Gojira Lives the Dream Tonight With Slayer
Still tempted to believe in 2013 that all metalheads are anti-intellectual lunks built only to destroy? Well, forget the decades of anecdotal evidence. You'd do well to remember, instead, that one of modern heavy metal's biggest and best bands is comprised of four eco-conscious artistes from a small village in the south of France. (Thanks, Obama.)
Mario Duplantier, rear, with Gojira
Gojira, perhaps the mightiest metal monster to emerge from the murky depths of the underground in the past five years, has slowly but surely built a large and loyal worldwide following with its expressively refined blasting. Comfortably (and credibly) weaving brutal death metal and syncopated power grooves into melodic passages that drip with a uniquely French appreciation for anguished beauty, the group is carving out a niche by delivering the most successful marriage yet of metal's most delicate and destructive elements.
It's powerful stuff in every sense of that word, and it packs a wallop fearsome enough to score Gojira coveted support slots on some of the world's biggest metal tours in the last few years. After all, not just any band can open for Slayer and survive. Gojira warms up the crowd for the thrash legends tonight at Bayou Music Center.
For drummer Mario Duplantier and his kaiju brethren in the band, touring with the diabolical Slayer is something of a sublimely surreal experience. Unsurprisingly, the L.A. titans were a primary influence in Gojira's musical development. Now they're performing together in the same circus.
"Of course it's an amazing feeling for us," says Duplantier in his charmingly thick accent. "Since we were children, we have had bands that were so magical for us. These bands were our biggest influence, like Sepultura, Metallica, Machine Head.
"We get lucky," he continues. "We tour with Metallica, we tour with Machine Head, we did a couple of shows with Sepultura, and now, doing this tour with Slayer, we feel like, 'OK, we did it! Finally!' When I was a child, it was my dream, so I'm living a dream right now."
It's a dream a long time in the making. While Gojira has quite a ways to go before they can hope to match the legacy of their heroes, they seem to know a thing or two about longevity already. Through 17 years in the ego-driven world of heavy metal, Gojira has managed to keep the same lineup intact since their very first album.
After so much time together, the band appears to be peaking creatively, and audiences are responding. Last year's L'Enfant Sauvage debuted in Top 40 on the Billboard album chart. It was the band's first for Roadrunner Records, and the label made it a priority.
"The fact that Roadrunner put us on the front of the communications and media, I'm sure this was very important for us, to sign on a big label," Duplantier says. "Now we have a very strong support of the band. L'Enfant Sauvage, this album is also part of our new success. But I'm sure the fact we signed with Roadrunner Records was also the biggest step for us."

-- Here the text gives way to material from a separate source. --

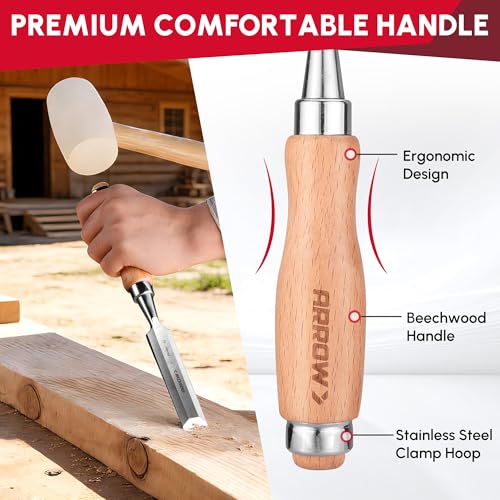 ARROW Wood Chisel Set, 4PCS CR-V Steel Chisel Tools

While L'Enfant Sauvage has been a breakthrough for the band, Gojira continues to build its fanbase the old-fashioned way, with relentless touring. The group's dramatic, high-energy live show has been honed by playing to unfamiliar crowds near and far, and Duplantier considers it the backbone of the band's success.
"We grew up playing live," the drummer says. "We had all this opportunity to tour, first as opener. Our key is just to leave everything onstage and try to catch the attention of people. It's made our success.
"You have to be attractive to people, so I try to hit very hard and make a lot of movement with my head and my arms," he added. "I want to catch people!"